30 Church Street Tempsford
30 Church Street was listed by English heritage in November 1986 as Grade II, of special interest. The listing dates the property to the late 17th or early 18th century. It is a timber-framed structure with colour-washed plaster infill and has a thatched roof. The one storey and attics building originally had two rooms downstairs. The porch and door are 20th century, as is the extension at the rear.
In 1829 a survey of the Tempsford Estate was carried out [X1/41 and WY1036/12]. At that date the place was a farm and homestead and occupied by Joseph Cole. In 1910 the tenants were the personal representatives of the late William Blott and rent was £40 per annum [WY945/1/4].
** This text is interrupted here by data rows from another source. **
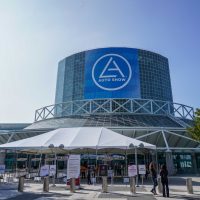 Exterior view of a building with the words "Auto Show" on it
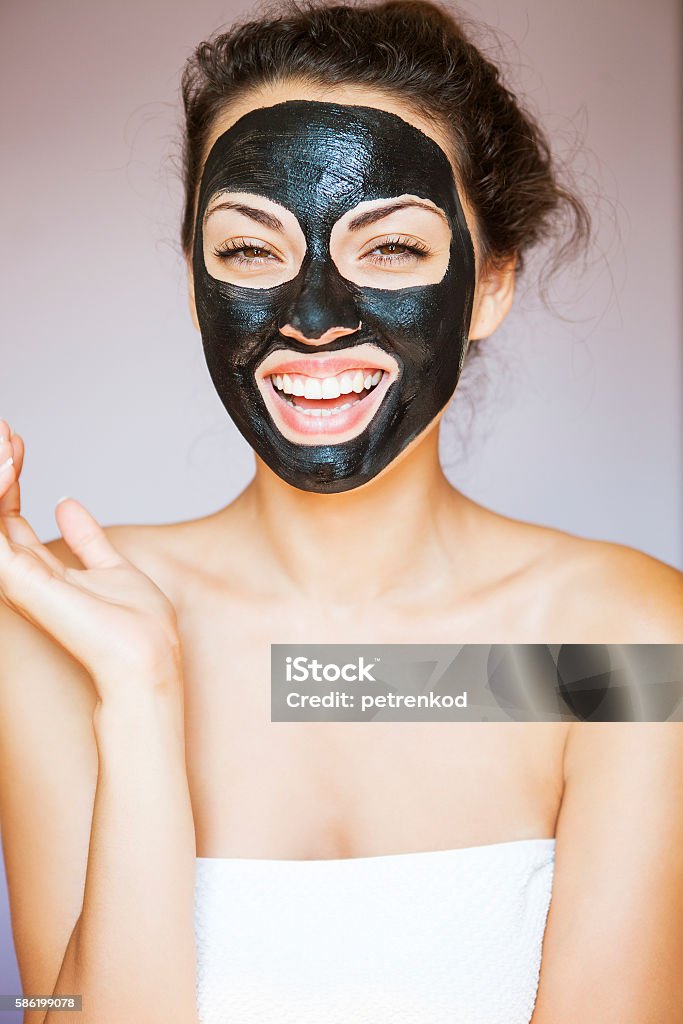 Jovem com máscara facial de lama negra terapêutica - Foto de stock de Cor Preta royalty-free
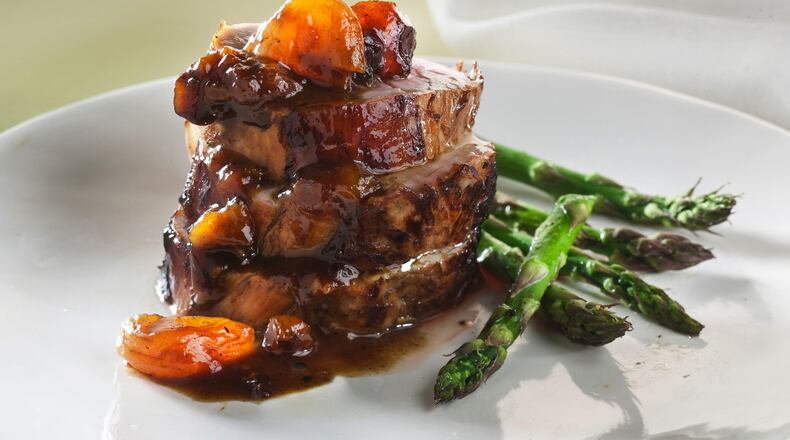 Pork tenderloin with apricot and prune sauce needs a wine to bring the zesty and sweet elements together. (Bill Hogan/Chicago Tribune/TNS)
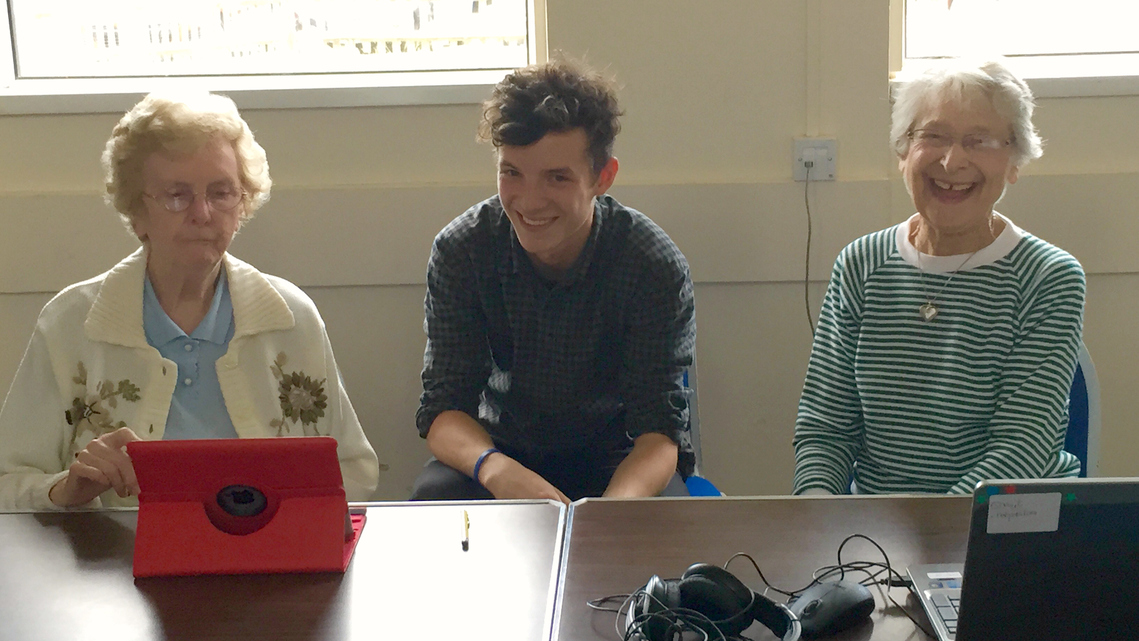 Photo of young volunteer and mature learners laughing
The Rating and Valuation Act 1925 specified that every building and piece of land in the country was to be assessed to determine its rateable value. The valuer visiting the building found that it was then called Gannocks Farm. It was still part of the Tempsford Estate and leased by Ream Brothers, whose rent was £94 per annum for 38½ acres. They had succeeded their father H J Ream in 1920 [WY931/25a-c]. On 2nd December 1926 the valuer commented: “Rent high - land all over place. Cottage thatched. Water laid on tank by yard entrance”.
The house and premises was rent-free and occupied by a housekeeper (presumably for the brothers). It then comprised a living room, a kitchen and a pantry. Three bedrooms lay upstairs and outside were a brick and tiled washhouse and a wood and corrugated iron coal house and earth closet.
The homestead contained: two wood and tiled loose boxes; a wood and corrugated iron lean-to; a wood and tiled open shed and barn; two wood and corrugated iron pigsties; a wood and corrugated iron loose box; a wood and tiled henhouse; a wood and corrugated iron two-bay waggon hovel and a wood and tiled lean-to pigsty. In a field were three wood and tiled henhouses. The valuer commented: “note big walnut tree by buildings”.